Su arena es dorada y fina, y sus aguas, protegidas por un rompeolas natural, son notablemente tranquilas y seguras para nadar. Es el epítome de la elegancia costera. Es perfecta para largas caminatas, practicar deportes en la arena o simplemente admirar el imponente paisaje de la bahía desde alguno de sus miradores.
Aunque es parte de la zona hotelera, el acceso a la playa es público. Combina la sensación de estar en un destino de primer mundo con la belleza natural salvaje de Oaxaca, ofreciendo un paisaje amplio, abierto y sereno.
10. Playa Conejos
Cerramos este top con una playa que vive a la sombra de su famosa vecina, Cacaluta, pero que tiene una belleza propia y merecedora de reconocimiento. Playa Conejos es larga, ancha y, a menudo, muy solitaria. Su nombre evoca la fauna que antiguamente habitaba la zona.
Lo que la distingue es su sensación de infinito. Con menos palmeras que otras playas, el paisaje es más despejado, poniendo el foco en la inmensidad del océano Pacífico y la arena dorada. El oleaje puede ser fuerte, creando un espectáculo natural hipnótico.
Es una playa para desconectar, reflexionar y sentir la fuerza del mar. No hay servicios, por lo que debes llevar todo lo necesario. Su belleza melancólica y poderosa es el recordatorio perfecto de la costa virgen y dramática que define a Huatulco, lejos de cualquier desarrollo.
Conclusión
Huatulco no es un destino de una sola playa; es un mosaico de experiencias costeras. Desde la vibrante vida marina de La Entrega hasta la soledad infinita de Conejos, cada playa ofrece una faceta distinta de lo que significa ser «bonita».

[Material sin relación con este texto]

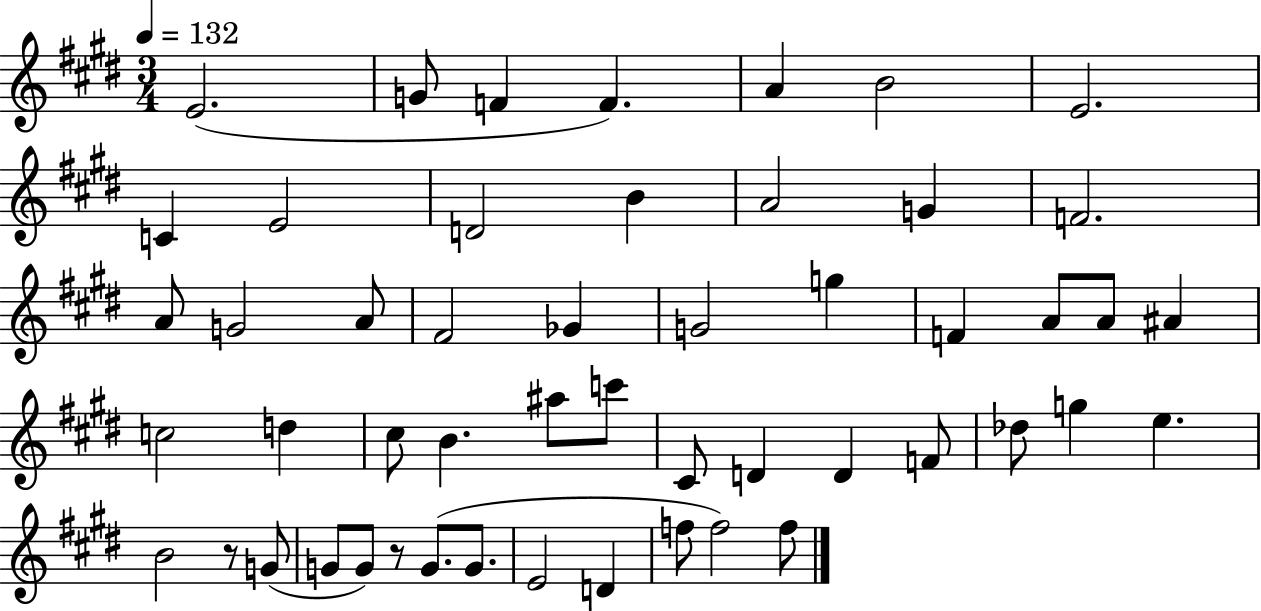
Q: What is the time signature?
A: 3/4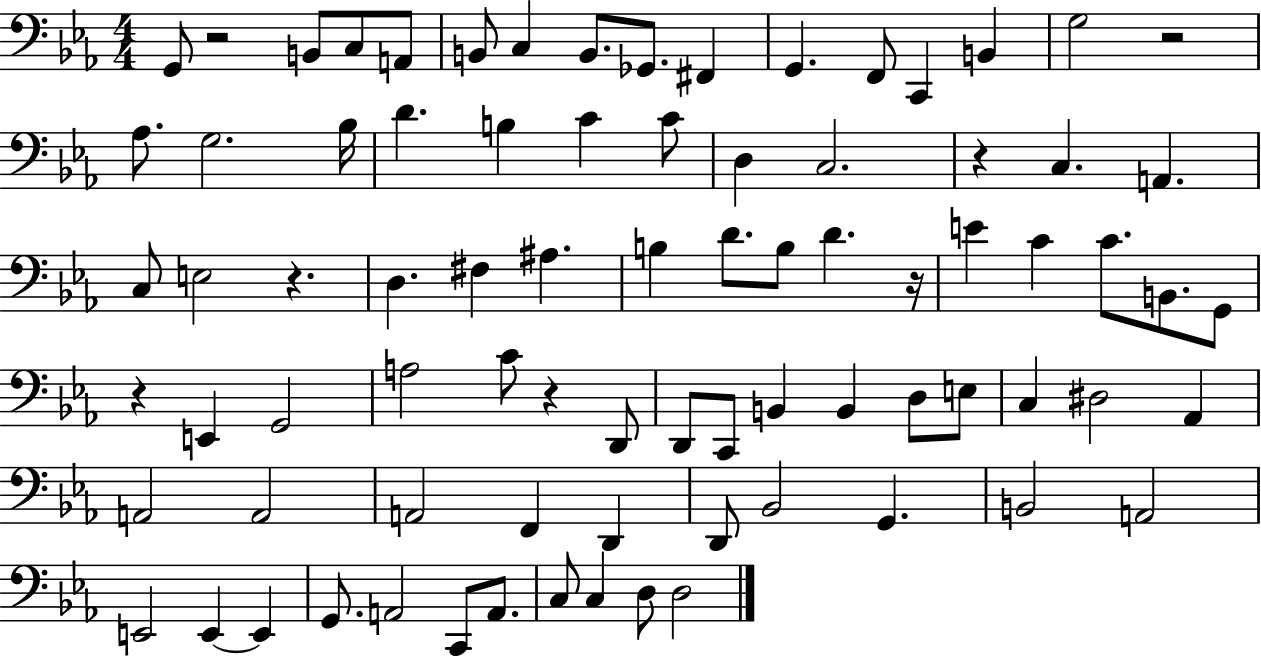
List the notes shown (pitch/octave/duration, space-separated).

G2/e R/h B2/e C3/e A2/e B2/e C3/q B2/e. Gb2/e. F#2/q G2/q. F2/e C2/q B2/q G3/h R/h Ab3/e. G3/h. Bb3/s D4/q. B3/q C4/q C4/e D3/q C3/h. R/q C3/q. A2/q. C3/e E3/h R/q. D3/q. F#3/q A#3/q. B3/q D4/e. B3/e D4/q. R/s E4/q C4/q C4/e. B2/e. G2/e R/q E2/q G2/h A3/h C4/e R/q D2/e D2/e C2/e B2/q B2/q D3/e E3/e C3/q D#3/h Ab2/q A2/h A2/h A2/h F2/q D2/q D2/e Bb2/h G2/q. B2/h A2/h E2/h E2/q E2/q G2/e. A2/h C2/e A2/e. C3/e C3/q D3/e D3/h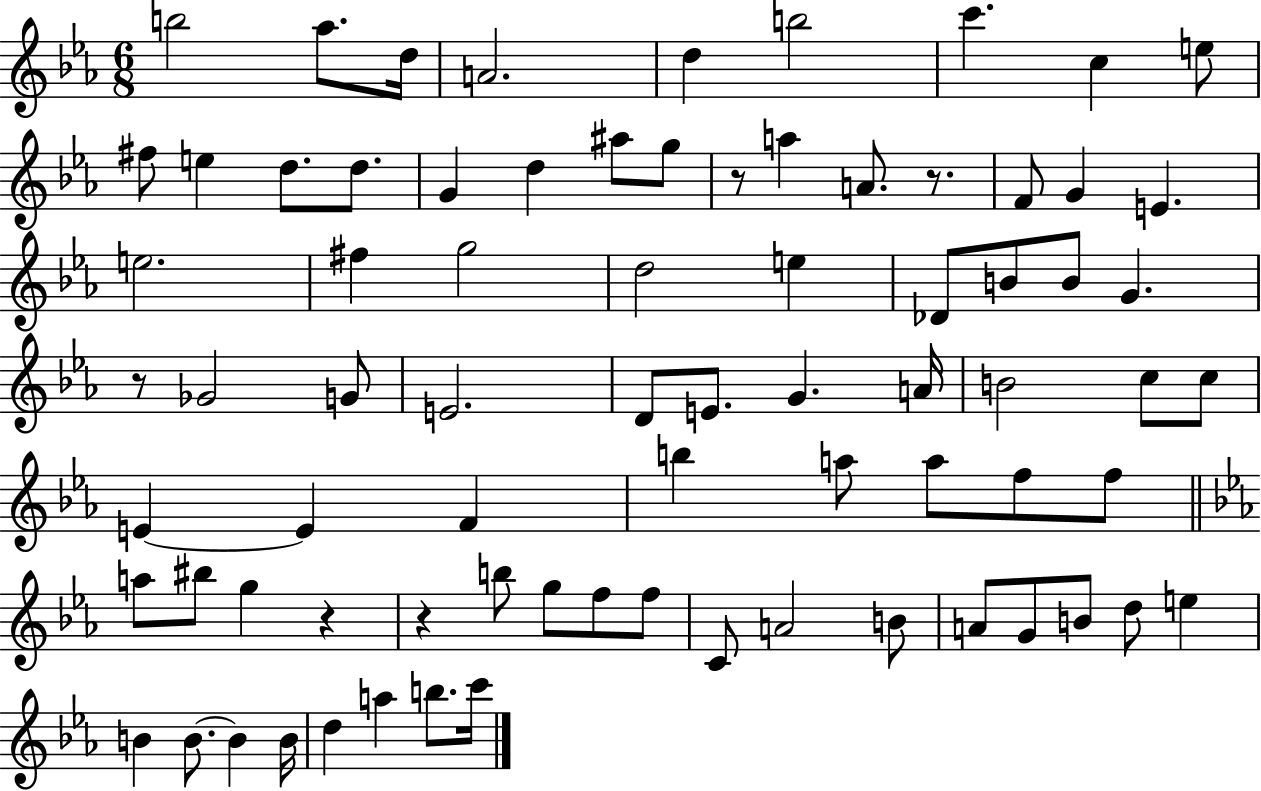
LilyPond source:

{
  \clef treble
  \numericTimeSignature
  \time 6/8
  \key ees \major
  b''2 aes''8. d''16 | a'2. | d''4 b''2 | c'''4. c''4 e''8 | \break fis''8 e''4 d''8. d''8. | g'4 d''4 ais''8 g''8 | r8 a''4 a'8. r8. | f'8 g'4 e'4. | \break e''2. | fis''4 g''2 | d''2 e''4 | des'8 b'8 b'8 g'4. | \break r8 ges'2 g'8 | e'2. | d'8 e'8. g'4. a'16 | b'2 c''8 c''8 | \break e'4~~ e'4 f'4 | b''4 a''8 a''8 f''8 f''8 | \bar "||" \break \key ees \major a''8 bis''8 g''4 r4 | r4 b''8 g''8 f''8 f''8 | c'8 a'2 b'8 | a'8 g'8 b'8 d''8 e''4 | \break b'4 b'8.~~ b'4 b'16 | d''4 a''4 b''8. c'''16 | \bar "|."
}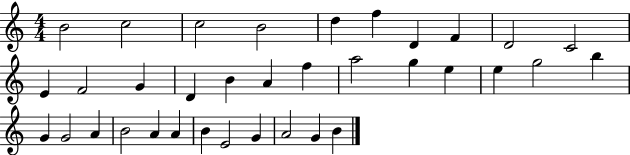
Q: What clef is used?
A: treble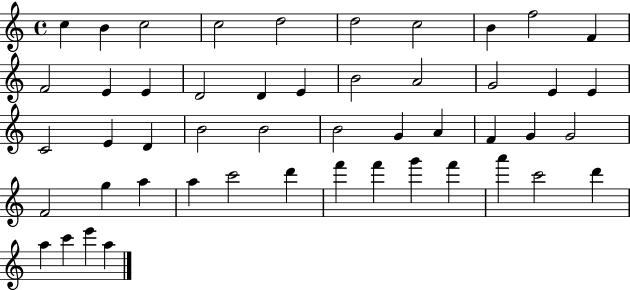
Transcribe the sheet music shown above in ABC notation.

X:1
T:Untitled
M:4/4
L:1/4
K:C
c B c2 c2 d2 d2 c2 B f2 F F2 E E D2 D E B2 A2 G2 E E C2 E D B2 B2 B2 G A F G G2 F2 g a a c'2 d' f' f' g' f' a' c'2 d' a c' e' a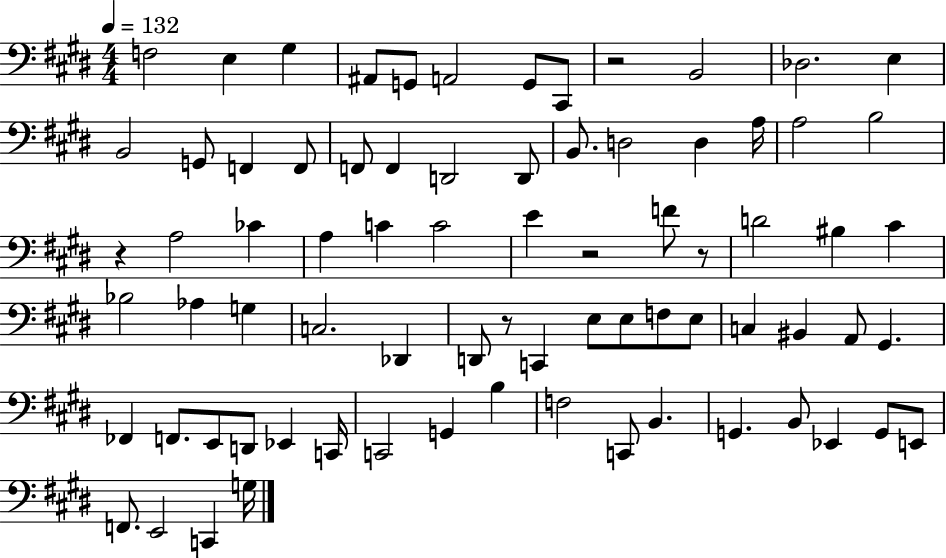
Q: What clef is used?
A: bass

Ya sea que busques snorkel de clase mundial, la calma de una bahía protegida, la emoción de un paisaje salvaje o la comodidad de servicios a la mano, este paraíso oaxaqueño tiene una playa con tu nombre. La verdadera belleza de Huatulco reside en esta diversidad y en el compromiso con la preservación de sus tesoros naturales.
Así que empaca tu traje de baño, bloqueador solar y sentido de la aventura. Un viaje para descubrir las playas más bonitas de Huatulco te espera, prometiendo no solo paisajes impresionantes, sino recuerdos que durarán toda la vida.